Excerpted records START

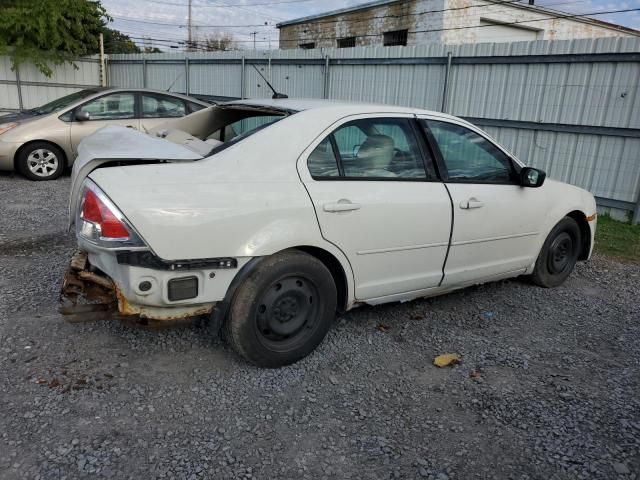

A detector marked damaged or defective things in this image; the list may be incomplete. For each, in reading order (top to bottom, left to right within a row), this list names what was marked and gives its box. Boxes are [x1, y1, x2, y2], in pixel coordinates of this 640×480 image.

damaged white sedan [62, 98, 596, 368]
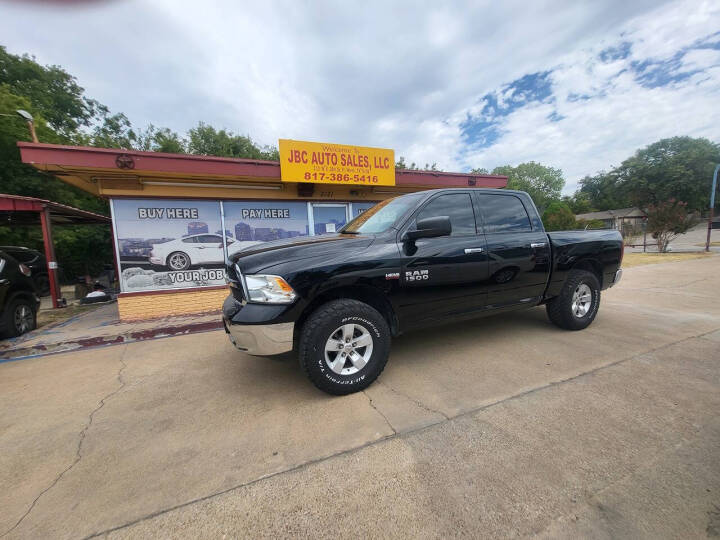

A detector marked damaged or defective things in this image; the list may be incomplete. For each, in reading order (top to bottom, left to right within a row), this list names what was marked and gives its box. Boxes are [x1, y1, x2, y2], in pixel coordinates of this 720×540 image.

cracked pavement [0, 256, 716, 536]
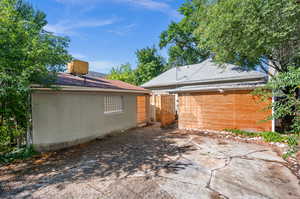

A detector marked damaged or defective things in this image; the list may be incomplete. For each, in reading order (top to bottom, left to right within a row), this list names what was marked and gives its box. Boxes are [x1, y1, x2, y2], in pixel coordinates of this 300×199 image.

cracked concrete slab [1, 125, 298, 198]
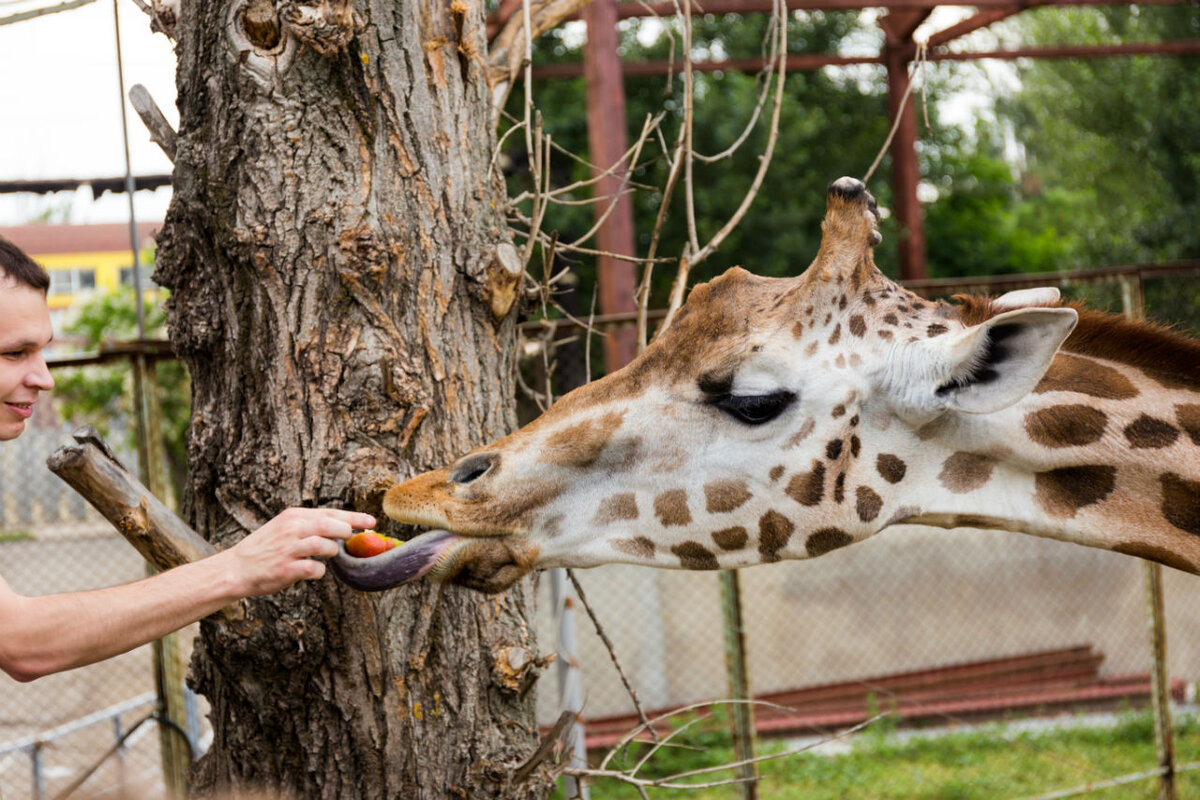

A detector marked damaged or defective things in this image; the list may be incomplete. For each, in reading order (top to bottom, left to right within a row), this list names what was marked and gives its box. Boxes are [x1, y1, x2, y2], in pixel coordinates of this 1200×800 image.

rusty metal post [580, 0, 638, 371]
rusty metal post [878, 10, 931, 281]
rusty metal post [715, 573, 753, 796]
rusty metal post [1118, 273, 1176, 800]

Excerpted records END

# Task instructions
An exact copy of the lines from the one with "this 720×540 image." through the end of the entries above, both included, is the whole answer. It contains no pictures.

# Written answer
A detector marked damaged or defective things in this image; the list may be incomplete. For each, in reading order (top to bottom, left to right within a row), this list names what was marked and gives its box. Boxes are [x1, y1, x2, y2], in pixel coordinates of this 720×540 image.

cracked pavement [0, 256, 716, 536]

A detector marked damaged or defective things in this image; the list may be incomplete. For each, in reading order (top to bottom, left to right within a row), this list names what was marked and gives its box. Boxes are [x1, y1, x2, y2], in pixel coordinates of this 300×199 image.

cracked concrete slab [1, 125, 298, 198]

A detector marked damaged or defective things in this image; the list may be incomplete. For each, in reading order (top to bottom, left to right within a row), this list names what was marked and gives its box. Boxes are [x1, y1, x2, y2], in pixel coordinates of this 1200×800 image.

rusty metal post [580, 0, 638, 371]
rusty metal post [878, 10, 931, 281]
rusty metal post [715, 573, 753, 796]
rusty metal post [1118, 273, 1176, 800]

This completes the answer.